If a line below falls between the line with "171 East 84th Street" and the line with "Ferienhaus Schneifel Auw", or is one of those two, output it exactly; output nothing else and no pictures.

Material shown
+ + + + + + +

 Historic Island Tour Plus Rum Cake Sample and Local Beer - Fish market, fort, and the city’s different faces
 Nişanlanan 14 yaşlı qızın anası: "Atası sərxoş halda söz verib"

+ + + + + + +

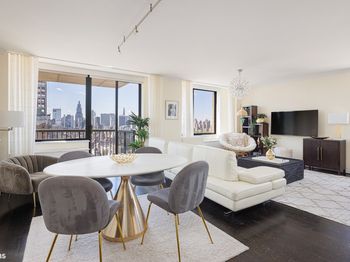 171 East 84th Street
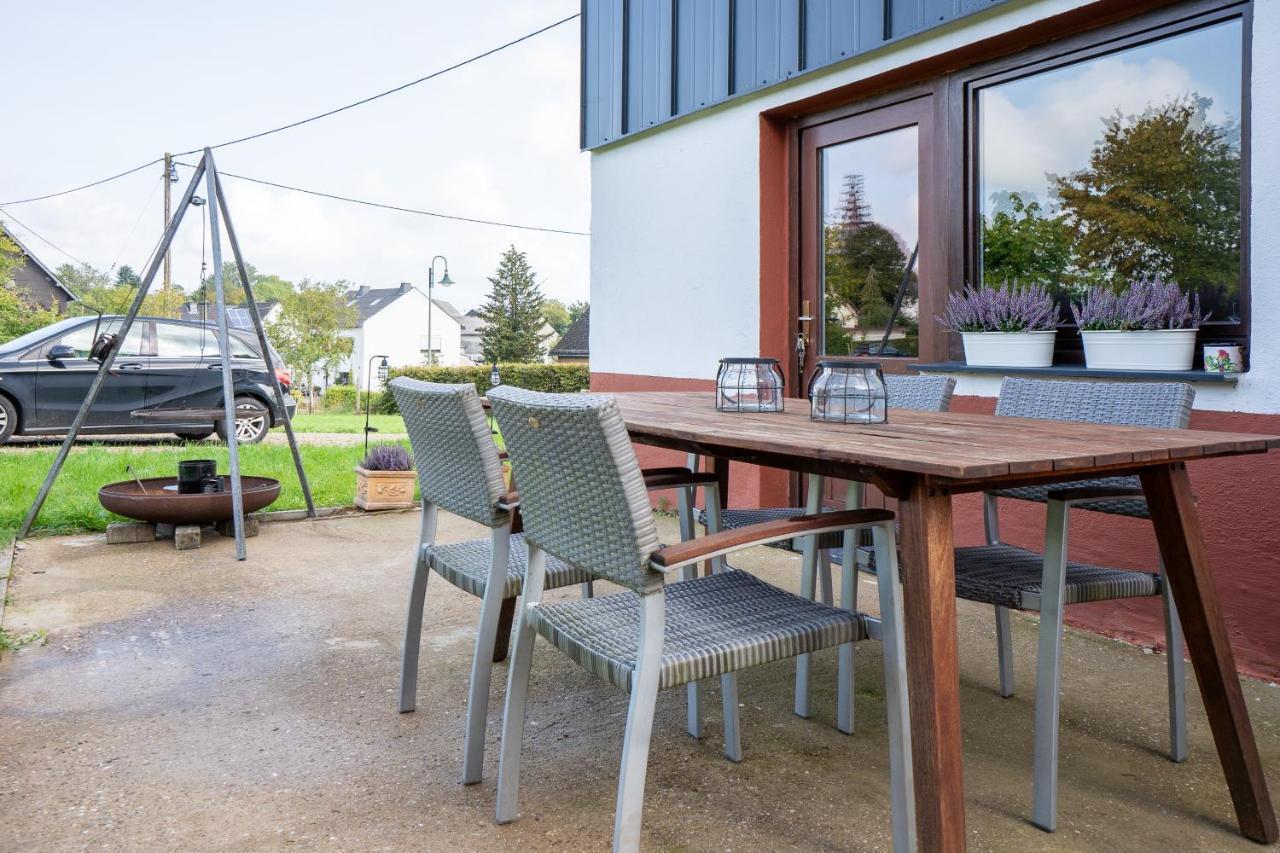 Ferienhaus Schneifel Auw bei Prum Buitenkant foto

+ + + + + + +

Solution
 171 East 84th Street
 Ferienhaus Schneifel Auw bei Prum Buitenkant foto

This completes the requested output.